EXERCISE:
Retype the entire listing, keeping every word as it is.

DATA SUPPLIED:
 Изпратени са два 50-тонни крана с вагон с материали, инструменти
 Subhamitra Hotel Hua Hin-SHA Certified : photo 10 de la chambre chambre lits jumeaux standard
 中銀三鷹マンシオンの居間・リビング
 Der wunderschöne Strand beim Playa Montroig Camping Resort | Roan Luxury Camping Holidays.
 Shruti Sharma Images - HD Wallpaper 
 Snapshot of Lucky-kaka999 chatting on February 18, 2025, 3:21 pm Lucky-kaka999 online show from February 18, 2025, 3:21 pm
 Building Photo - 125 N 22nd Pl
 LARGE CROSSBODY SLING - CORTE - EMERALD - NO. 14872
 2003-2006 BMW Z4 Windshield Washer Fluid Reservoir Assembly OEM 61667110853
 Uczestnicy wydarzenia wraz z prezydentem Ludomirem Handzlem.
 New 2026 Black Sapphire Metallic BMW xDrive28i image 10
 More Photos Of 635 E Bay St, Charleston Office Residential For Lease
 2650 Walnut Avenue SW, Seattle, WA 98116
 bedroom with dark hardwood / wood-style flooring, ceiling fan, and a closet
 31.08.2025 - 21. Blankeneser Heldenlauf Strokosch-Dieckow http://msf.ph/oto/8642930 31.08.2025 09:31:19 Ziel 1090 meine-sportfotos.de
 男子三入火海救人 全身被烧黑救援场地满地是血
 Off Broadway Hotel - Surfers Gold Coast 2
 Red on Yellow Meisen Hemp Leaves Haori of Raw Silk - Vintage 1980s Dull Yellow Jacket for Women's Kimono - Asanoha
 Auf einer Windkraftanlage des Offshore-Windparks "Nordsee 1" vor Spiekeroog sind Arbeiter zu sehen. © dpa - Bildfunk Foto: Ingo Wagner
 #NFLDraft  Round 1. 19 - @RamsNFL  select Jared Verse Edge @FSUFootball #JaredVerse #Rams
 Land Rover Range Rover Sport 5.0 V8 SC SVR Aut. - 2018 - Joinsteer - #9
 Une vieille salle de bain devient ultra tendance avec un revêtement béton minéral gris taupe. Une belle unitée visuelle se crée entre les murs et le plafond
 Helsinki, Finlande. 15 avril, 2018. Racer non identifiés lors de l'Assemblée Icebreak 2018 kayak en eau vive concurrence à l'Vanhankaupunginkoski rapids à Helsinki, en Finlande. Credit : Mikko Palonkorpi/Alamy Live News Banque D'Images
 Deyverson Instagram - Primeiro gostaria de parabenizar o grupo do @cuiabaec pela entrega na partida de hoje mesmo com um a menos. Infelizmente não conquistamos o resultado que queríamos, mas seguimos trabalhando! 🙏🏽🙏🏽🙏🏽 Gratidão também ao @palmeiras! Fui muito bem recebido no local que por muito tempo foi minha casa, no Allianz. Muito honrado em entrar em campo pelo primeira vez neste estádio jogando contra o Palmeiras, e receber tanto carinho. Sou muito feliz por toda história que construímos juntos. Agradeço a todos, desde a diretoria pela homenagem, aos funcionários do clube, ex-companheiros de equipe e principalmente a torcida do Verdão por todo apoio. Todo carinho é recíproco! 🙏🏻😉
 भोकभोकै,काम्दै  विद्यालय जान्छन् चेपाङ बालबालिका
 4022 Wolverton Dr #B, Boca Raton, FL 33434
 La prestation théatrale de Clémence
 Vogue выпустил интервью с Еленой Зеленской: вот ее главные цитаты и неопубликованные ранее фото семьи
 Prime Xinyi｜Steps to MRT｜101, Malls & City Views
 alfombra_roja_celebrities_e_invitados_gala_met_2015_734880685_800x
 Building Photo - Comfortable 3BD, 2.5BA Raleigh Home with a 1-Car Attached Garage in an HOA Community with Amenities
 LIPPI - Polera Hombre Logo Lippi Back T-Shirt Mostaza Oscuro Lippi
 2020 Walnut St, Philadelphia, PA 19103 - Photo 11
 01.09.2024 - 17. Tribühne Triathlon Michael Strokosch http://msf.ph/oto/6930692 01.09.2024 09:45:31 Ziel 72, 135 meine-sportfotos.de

WRITTEN SOLUTION:
 Изпратени са два 50-тонни крана с вагон с материали, инструменти
 Subhamitra Hotel Hua Hin-SHA Certified : photo 10 de la chambre chambre lits jumeaux standard
 中銀三鷹マンシオンの居間・リビング
 Der wunderschöne Strand beim Playa Montroig Camping Resort | Roan Luxury Camping Holidays.
 Shruti Sharma Images - HD Wallpaper 
 Snapshot of Lucky-kaka999 chatting on February 18, 2025, 3:21 pm Lucky-kaka999 online show from February 18, 2025, 3:21 pm
 Building Photo - 125 N 22nd Pl
 LARGE CROSSBODY SLING - CORTE - EMERALD - NO. 14872
 2003-2006 BMW Z4 Windshield Washer Fluid Reservoir Assembly OEM 61667110853
 Uczestnicy wydarzenia wraz z prezydentem Ludomirem Handzlem.
 New 2026 Black Sapphire Metallic BMW xDrive28i image 10
 More Photos Of 635 E Bay St, Charleston Office Residential For Lease
 2650 Walnut Avenue SW, Seattle, WA 98116
 bedroom with dark hardwood / wood-style flooring, ceiling fan, and a closet
 31.08.2025 - 21. Blankeneser Heldenlauf Strokosch-Dieckow http://msf.ph/oto/8642930 31.08.2025 09:31:19 Ziel 1090 meine-sportfotos.de
 男子三入火海救人 全身被烧黑救援场地满地是血
 Off Broadway Hotel - Surfers Gold Coast 2
 Red on Yellow Meisen Hemp Leaves Haori of Raw Silk - Vintage 1980s Dull Yellow Jacket for Women's Kimono - Asanoha
 Auf einer Windkraftanlage des Offshore-Windparks "Nordsee 1" vor Spiekeroog sind Arbeiter zu sehen. © dpa - Bildfunk Foto: Ingo Wagner
 #NFLDraft  Round 1. 19 - @RamsNFL  select Jared Verse Edge @FSUFootball #JaredVerse #Rams
 Land Rover Range Rover Sport 5.0 V8 SC SVR Aut. - 2018 - Joinsteer - #9
 Une vieille salle de bain devient ultra tendance avec un revêtement béton minéral gris taupe. Une belle unitée visuelle se crée entre les murs et le plafond
 Helsinki, Finlande. 15 avril, 2018. Racer non identifiés lors de l'Assemblée Icebreak 2018 kayak en eau vive concurrence à l'Vanhankaupunginkoski rapids à Helsinki, en Finlande. Credit : Mikko Palonkorpi/Alamy Live News Banque D'Images
 Deyverson Instagram - Primeiro gostaria de parabenizar o grupo do @cuiabaec pela entrega na partida de hoje mesmo com um a menos. Infelizmente não conquistamos o resultado que queríamos, mas seguimos trabalhando! 🙏🏽🙏🏽🙏🏽 Gratidão também ao @palmeiras! Fui muito bem recebido no local que por muito tempo foi minha casa, no Allianz. Muito honrado em entrar em campo pelo primeira vez neste estádio jogando contra o Palmeiras, e receber tanto carinho. Sou muito feliz por toda história que construímos juntos. Agradeço a todos, desde a diretoria pela homenagem, aos funcionários do clube, ex-companheiros de equipe e principalmente a torcida do Verdão por todo apoio. Todo carinho é recíproco! 🙏🏻😉
 भोकभोकै,काम्दै  विद्यालय जान्छन् चेपाङ बालबालिका
 4022 Wolverton Dr #B, Boca Raton, FL 33434
 La prestation théatrale de Clémence
 Vogue выпустил интервью с Еленой Зеленской: вот ее главные цитаты и неопубликованные ранее фото семьи
 Prime Xinyi｜Steps to MRT｜101, Malls & City Views
 alfombra_roja_celebrities_e_invitados_gala_met_2015_734880685_800x
 Building Photo - Comfortable 3BD, 2.5BA Raleigh Home with a 1-Car Attached Garage in an HOA Community with Amenities
 LIPPI - Polera Hombre Logo Lippi Back T-Shirt Mostaza Oscuro Lippi
 2020 Walnut St, Philadelphia, PA 19103 - Photo 11
 01.09.2024 - 17. Tribühne Triathlon Michael Strokosch http://msf.ph/oto/6930692 01.09.2024 09:45:31 Ziel 72, 135 meine-sportfotos.de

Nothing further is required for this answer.